═══ Input
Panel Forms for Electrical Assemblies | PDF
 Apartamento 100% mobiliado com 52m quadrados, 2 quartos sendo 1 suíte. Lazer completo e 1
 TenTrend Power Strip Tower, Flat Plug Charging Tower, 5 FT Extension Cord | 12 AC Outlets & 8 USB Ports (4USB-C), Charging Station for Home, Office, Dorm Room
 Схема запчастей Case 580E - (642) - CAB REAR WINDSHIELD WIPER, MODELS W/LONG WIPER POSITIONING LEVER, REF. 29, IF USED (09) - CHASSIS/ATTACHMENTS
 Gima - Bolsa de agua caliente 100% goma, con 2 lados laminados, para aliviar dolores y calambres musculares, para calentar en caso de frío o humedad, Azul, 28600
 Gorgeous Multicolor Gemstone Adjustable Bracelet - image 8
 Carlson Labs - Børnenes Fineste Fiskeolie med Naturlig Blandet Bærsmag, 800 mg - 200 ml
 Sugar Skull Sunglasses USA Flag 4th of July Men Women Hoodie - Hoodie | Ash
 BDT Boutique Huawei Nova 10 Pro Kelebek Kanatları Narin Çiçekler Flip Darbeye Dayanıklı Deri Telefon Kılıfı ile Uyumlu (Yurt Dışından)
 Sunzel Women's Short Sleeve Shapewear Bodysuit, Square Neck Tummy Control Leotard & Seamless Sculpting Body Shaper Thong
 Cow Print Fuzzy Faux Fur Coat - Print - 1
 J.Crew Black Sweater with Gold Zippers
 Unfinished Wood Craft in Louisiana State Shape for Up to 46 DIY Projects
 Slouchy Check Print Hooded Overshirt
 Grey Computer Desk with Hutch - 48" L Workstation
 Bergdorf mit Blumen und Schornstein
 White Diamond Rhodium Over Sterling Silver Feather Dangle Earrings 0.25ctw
══════
» **Task objective**:
Where a line of the data includes the string "Print", list that line.

» **Result**:
 Cow Print Fuzzy Faux Fur Coat - Print - 1
 Slouchy Check Print Hooded Overshirt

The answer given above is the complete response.